There's a vendor who will sort of do the first steps for prepping your footage.
We call it dailies.
They'll sync the footage and they'll put it in a format that is
more friendly for us to work with.
So we work on Avid I would say, 99% of all productions are Avid.
A lot of indies will use Premiere people who do trailers or things
like that they might use Premiere.
But pretty much every job is on Avid.
One of the things that is involved with working in Avid is that you
use proxy media which is really important, especially now because
we're shooting with cameras that shoot 8K and the file sizes are massive.
If we're putting together an hour long TV show you can't work with it that way.
You have to work in a much like just a 1920 x 1080p format that is
a lot more processor friendly.
So anyway, the vendor will send us a digital package that we'll
download, and I'll bring that footage into the Avid, w hich is our
computers, we just call 'em Avids.
Avid is the program, but it's also the name of the thing.

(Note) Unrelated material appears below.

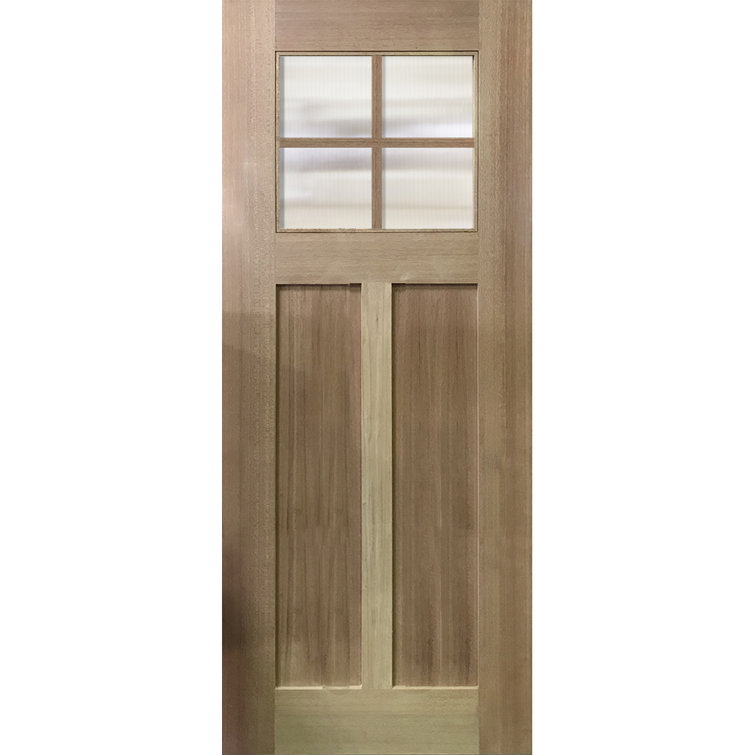 Knockety 8 0 Tall 4 Lite Craftsman Sdl Mahogany Wood Door Only Not Pre Hung Unfinished Wayfair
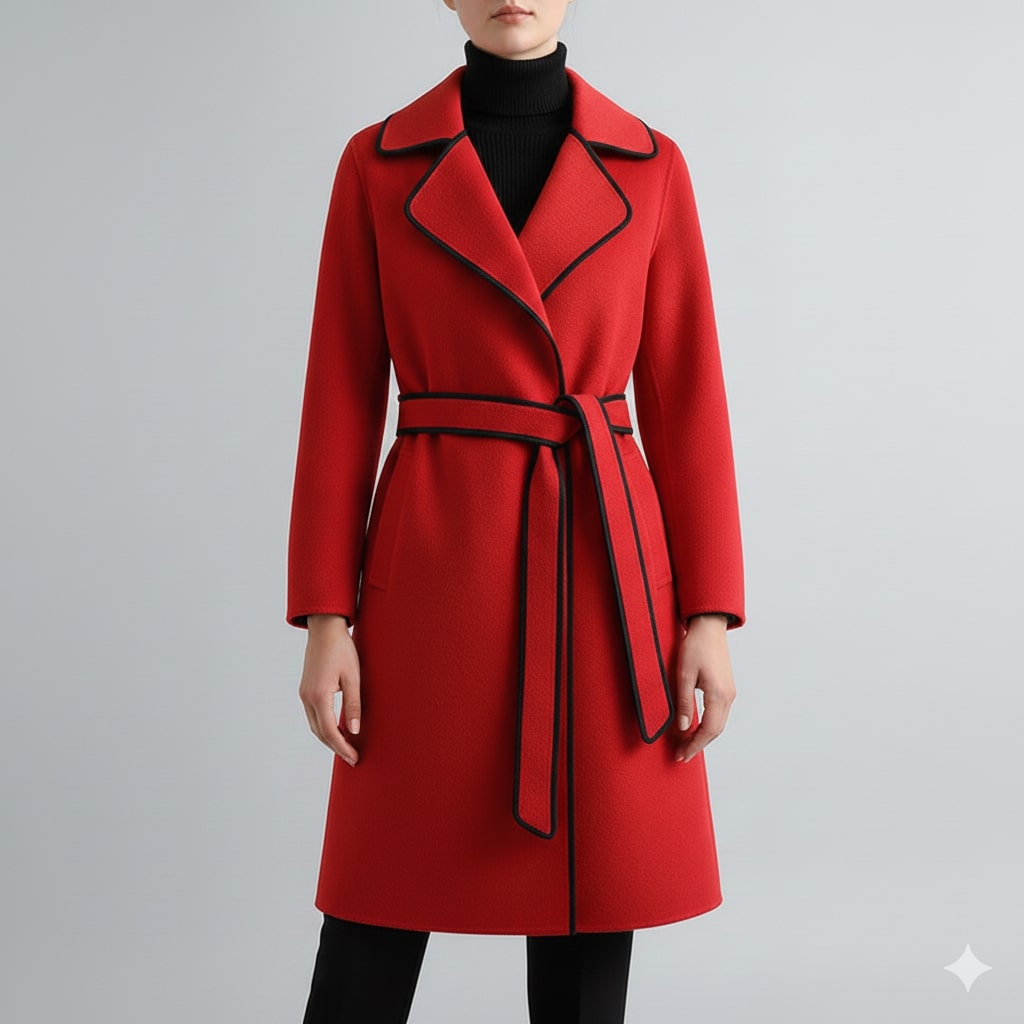 Adriana Women’s Wool Coat – Belted Coat with Contrast Trim & Warm Interior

It's some carry over term.
But anyway, so I, I bring my footage into the Avid and then I
start prepping it for my Editor.
And like we discussed earlier that's different based on
who you're working with.
Each scene gets its own bin.
And I'll give my Editor scenes as I've finished prepping them.
I'll assess the footage that I've gotten and think of the most efficient
way for me to get it done, but to also make sure that my editor
doesn't have downtime or minimize the amount of downtime that they have.
So I might give them a couple smaller scenes first that I can get done
really quick, cuz that'll buy me a little extra time to do a bigger scene.
Or sometimes if the bigger scene is the more interesting one, I'll just say, Hey,
you're not gonna have any footage for a minute, but I'm gonna give you this big
scene that'll keep you busy for a while.
Randy Strobl: We're taking a short break to tell you about the Dirk Koning
Memorial Film and Video scholarship.
Here's Gretchen Vinnedge remembering Dirk Koning.
Gretchen Vinnedge: The Koning Scholarship enables students to get
that kind of an education, to be a good filmmaker, to be able to express their
voice and to continue Dirk's dream.
Randy Strobl: For more information, and to donate to the scholarship,
visit the link in the description.
Now, back to the show.
And so when you say you're giving them a scene, are you you just
giving them bins or did you lay stuff on a timeline for 'em?
Brad Mead: It's a scene bin.
I'm not laying anything into a timeline for him.
He's just he'll do all that cause he's the Editor, . I prepped a
bin in whatever way that he wants.
And then I hand that bin over to him and say, here you go.
You can go cut this now.
Randy Strobl: So, and prepping the bin would be like labeling, closeups,
labeling takes, things like that.
Brad Mead: You don't have to do really a whole lot of labeling,
cuz a lot of that gets done for us.
So the vendor that I was talking about, that they do the sort of
first stages when they bring the footage in, they transcode it.
They also will rename those clips based on the production paperwork that we get.
So every shot is gonna have a name and a camera and all these things,
and they'll name the clips like that.
So that we know what clip refers to what note in the paperwork.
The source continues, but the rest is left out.